Peran keaktoran itu tentu saja selayaknya dimulai dari pelaku yang memiliki otoritas pengendalian yang paling besar, semacam Presiden. Di Filipina, Cory Aquino antara tahun 1986-1991 memainkan peran keaktoran ini dengan baik. Cory antara lain berperan menyiapkan aturan yang dibutuhkan bagi pemberantasan korupsi di Filipina (mulai dari Konstitusi hingga aturan-aturan teknis terendah), dan memilih para pejabat yang bersih (sekalipun kurang berpengalaman) untuk pos-pos yang sangat strategis. Infrastruktur warisan Cory itulah yang menyebabkan Presiden Fidel Ramos akhirnya gagal mengubah Konstitusi (yang membatasi masa jabatan seorang Presiden hanya satu periode saja) untuk menambah panjang kekuasaannya. Infra-struktur itu pula, antara lain, yang menyebabkan Presiden Joseph Estrada terjungkal dan dipenjara-kan karena terbukti melakukan tindak pidana korupsi. Tentu saja, hambatan-hambatan kultural dan sistemik yang hingga kini tetap membuat Filipina menjadi “negara korup” adalah soal lain.

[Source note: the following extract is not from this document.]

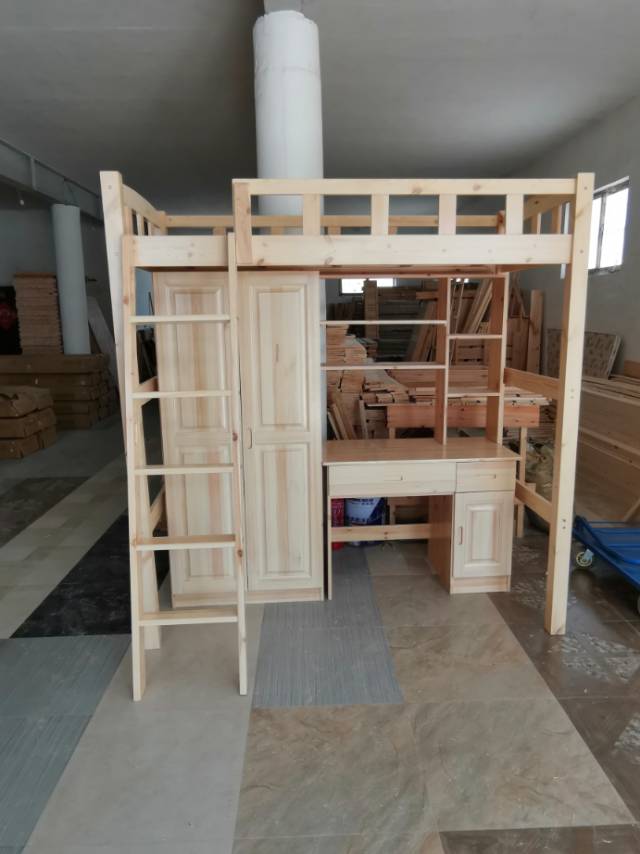 河南偌瑜家具生产各种实木床各种实木家具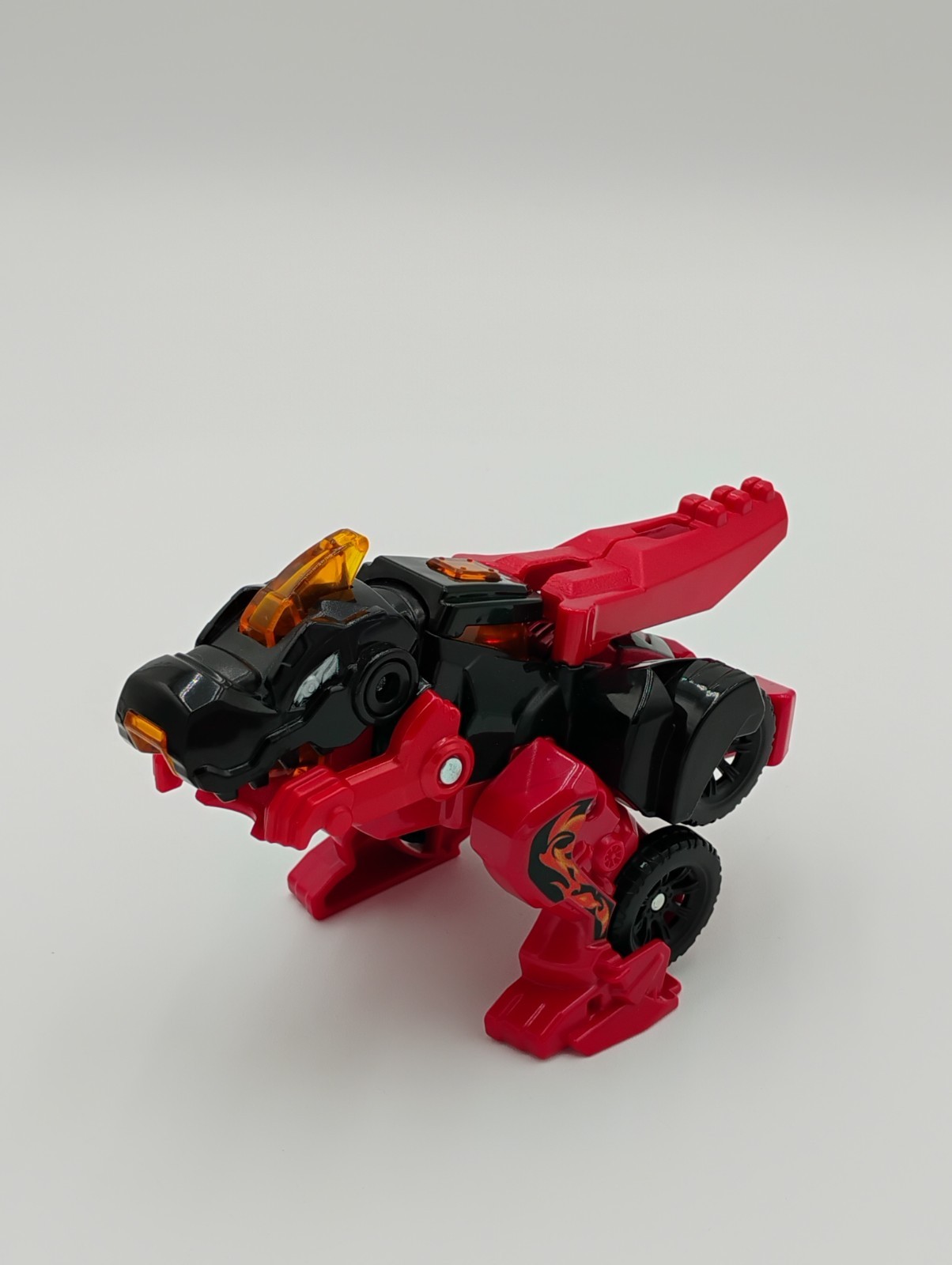 VTech Switch and Go T-Rex Muscle Car Easy to Transform With Sound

Di Korea Selatan, Dua Kim, Presiden Kim Yong Sam dan Kim Dae Jung, memainkan peranan penting dalam membangun fondasi kuat pem-berantasan korupsi. Di atas fondasi inilah, Korea Selatan tumbuh sebagai salah satu negara yang relatif bersih di Asia Timur dan terkenal kejam pada para koruptor.
Presiden Nelson Mandela, untuk menyebut contoh lain yang legendaris, adalah seorang aktor penting dalam sejarah pemberantasan korupsi di Afrika Selatan. Peranannya membuat negara ini memiliki fondasi penting bagi pembentukan tata kelola pemerintahan yang baik (good governance).
Tentu saja, peran keaktoran tak hanya dituntut dari seorang kepala negara atau kepala pemerintahan. Peranan keaktoran membutuhkan optimalisasi fungsi para pejabat publik dan tokoh-tokoh non-formal di berbagai jenjang atau level sebagai para pemberantas korupsi.
Namun aktor saja tak cukup. Dibutuhkan infrastruktur lain, yaitu aturan. Aktor antikorupsi tanpa aturan yang anti-korupsi tak akan berarti banyak. Begitu pula sebaliknya.
Tepatnya, para aktor antikorupsi memanggul tugas sejarah penting yaitu membuat aturan-aturan (dari konstitusi hingga aturan-aturan terendah) yang secara tegas dan terang benderang memerangi korupsi. Inilah dua infrastruktur pertama yang mutlak diperlukan.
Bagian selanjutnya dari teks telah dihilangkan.